▸ **Task item**: For this exercise, output the entries below exactly from the line that holds "Gibsonia, PA 15044" to the line that holds "Tırın açılan dorsesi", both ends included. No pictures belong in the copy.

▸ **Records shown**:
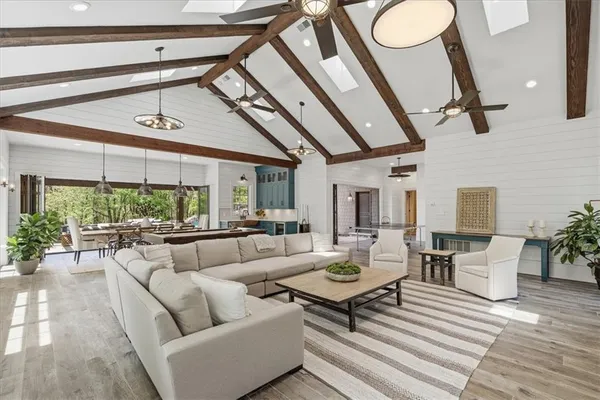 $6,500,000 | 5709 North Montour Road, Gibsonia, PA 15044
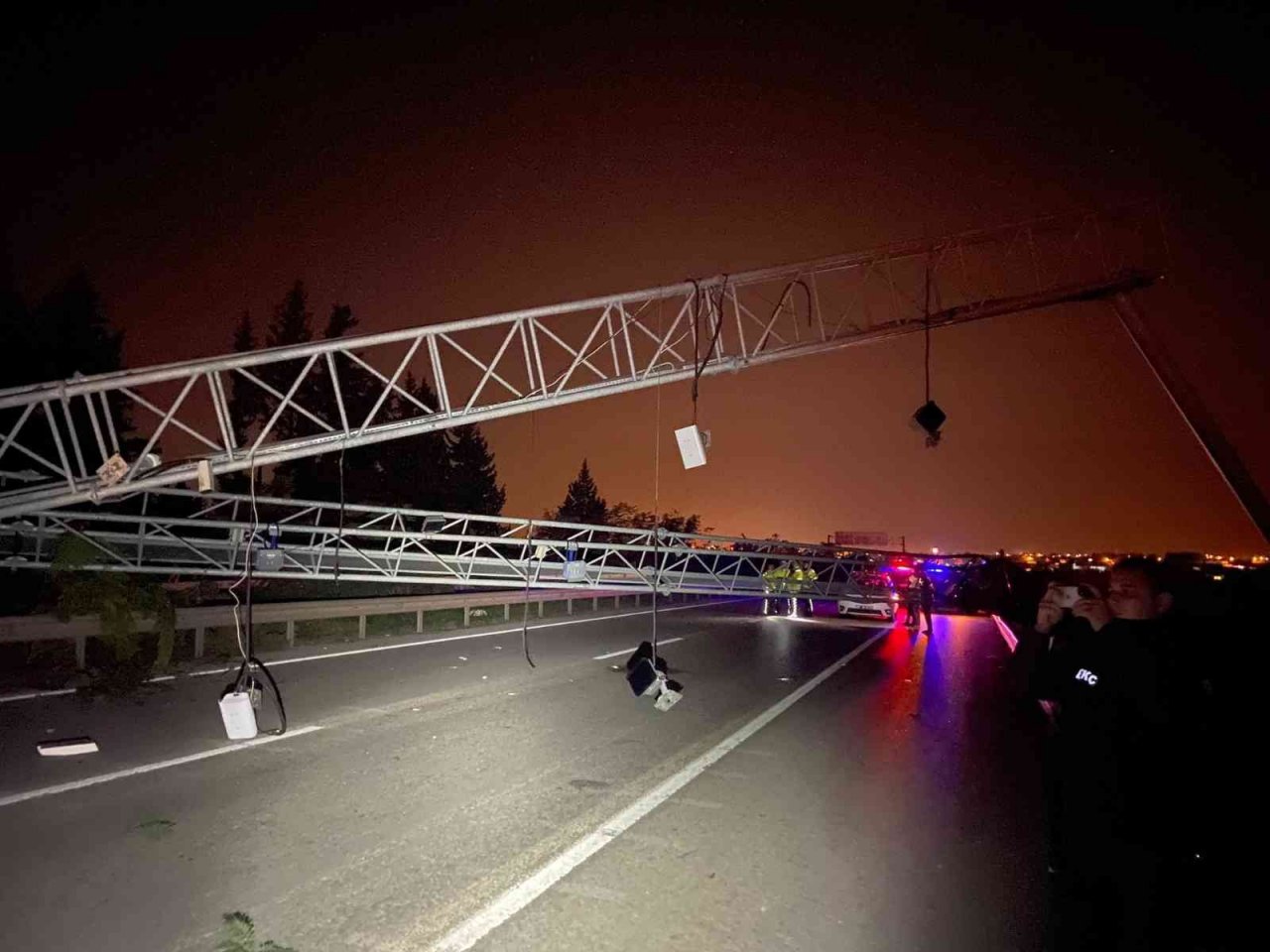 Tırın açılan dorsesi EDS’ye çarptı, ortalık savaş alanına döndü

--

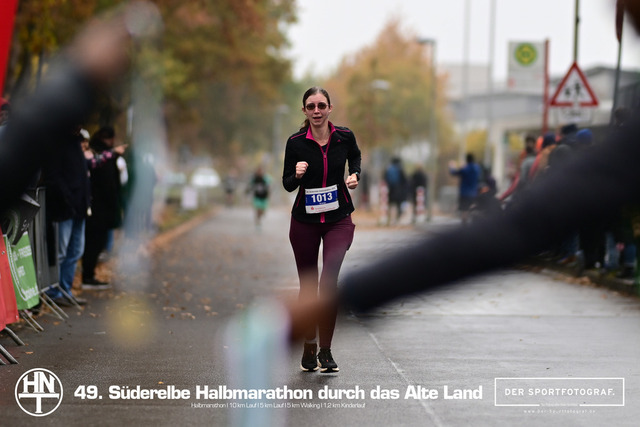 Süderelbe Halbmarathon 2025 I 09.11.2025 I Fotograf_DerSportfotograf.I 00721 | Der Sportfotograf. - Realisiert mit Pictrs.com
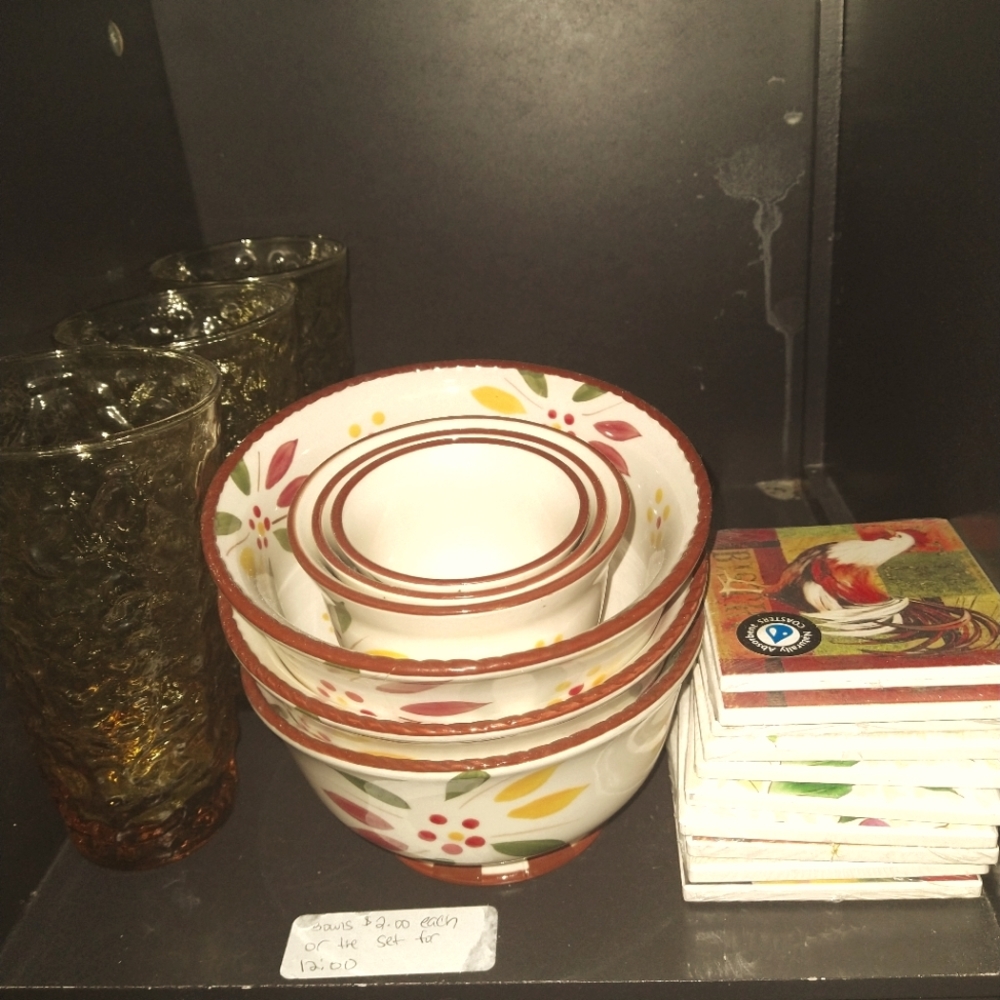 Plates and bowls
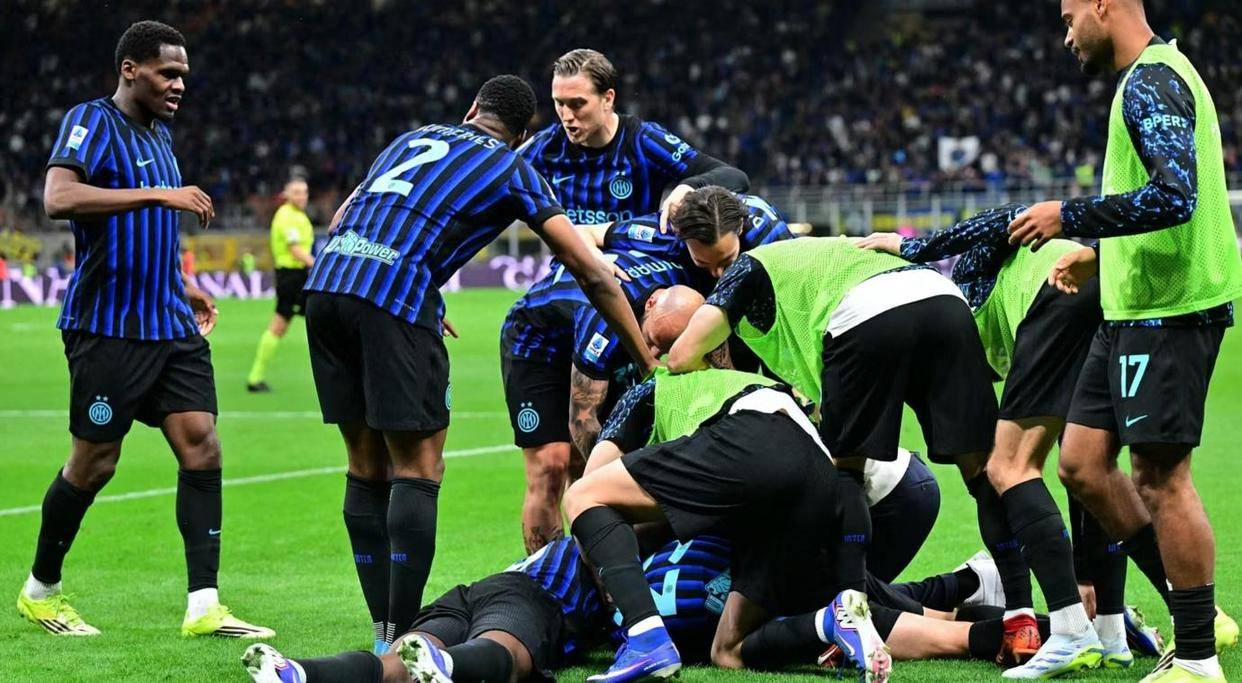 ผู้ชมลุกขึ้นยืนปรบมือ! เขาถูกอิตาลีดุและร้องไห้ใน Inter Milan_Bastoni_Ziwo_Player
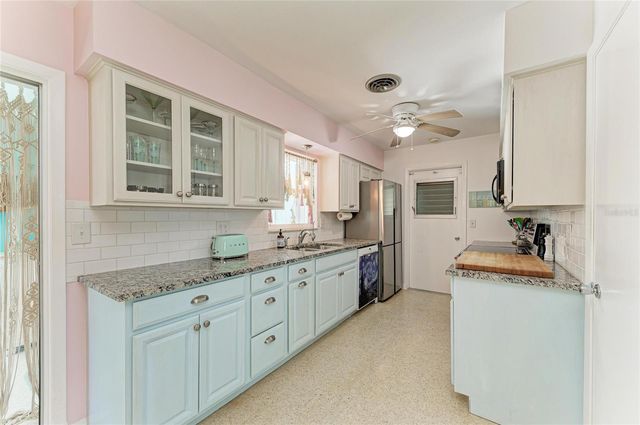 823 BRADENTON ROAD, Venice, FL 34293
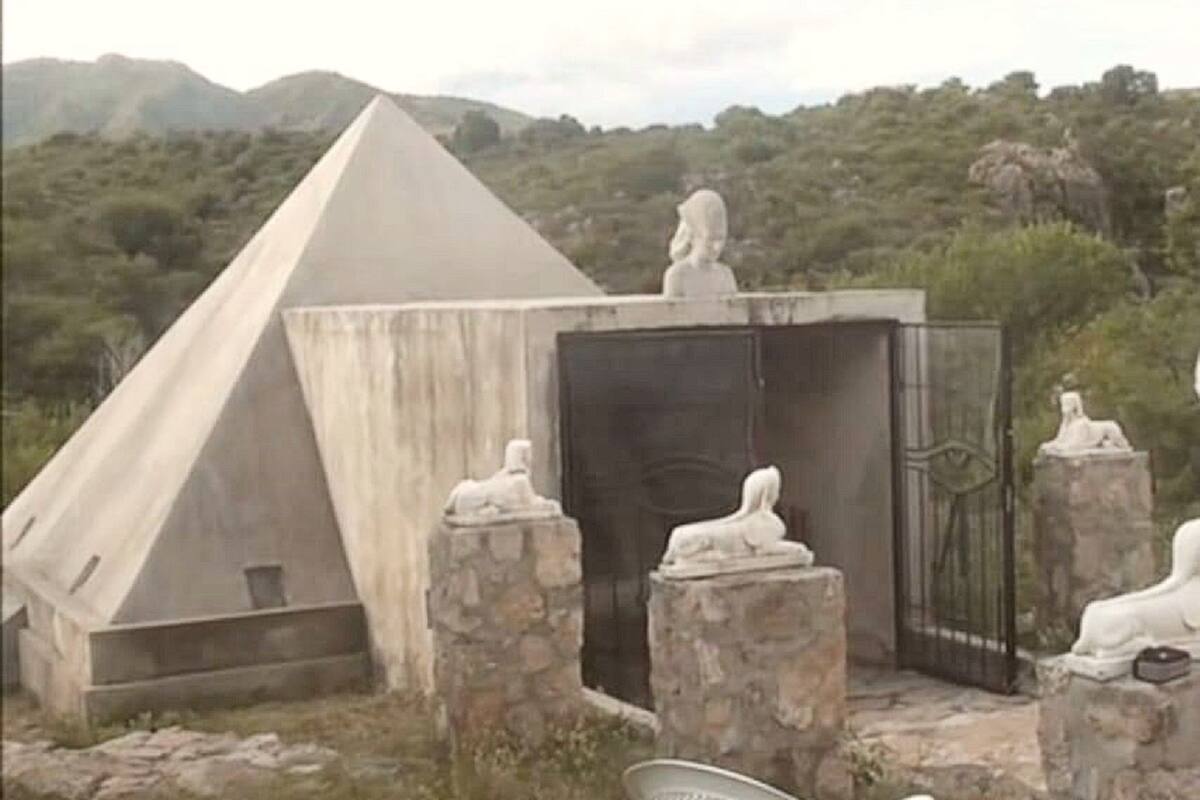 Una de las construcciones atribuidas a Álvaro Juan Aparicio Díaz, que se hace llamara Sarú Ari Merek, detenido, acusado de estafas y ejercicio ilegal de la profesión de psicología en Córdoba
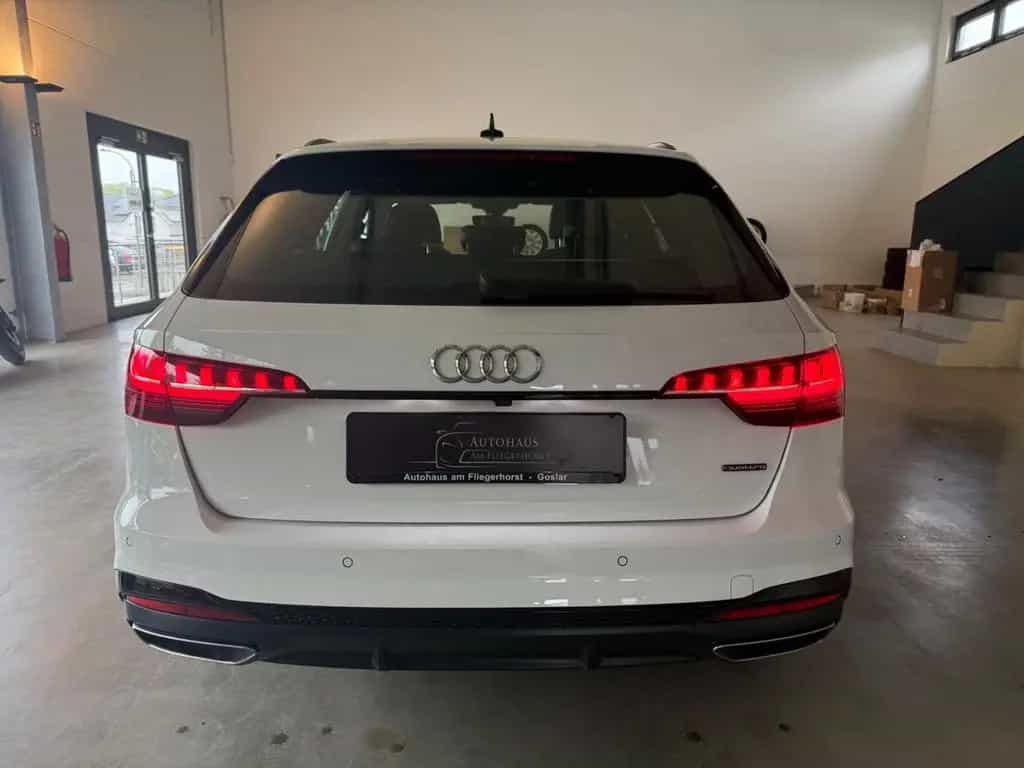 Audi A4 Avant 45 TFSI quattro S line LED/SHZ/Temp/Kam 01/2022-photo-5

▸ **Solution to the problem**:
 $6,500,000 | 5709 North Montour Road, Gibsonia, PA 15044
 Tırın açılan dorsesi EDS’ye çarptı, ortalık savaş alanına döndü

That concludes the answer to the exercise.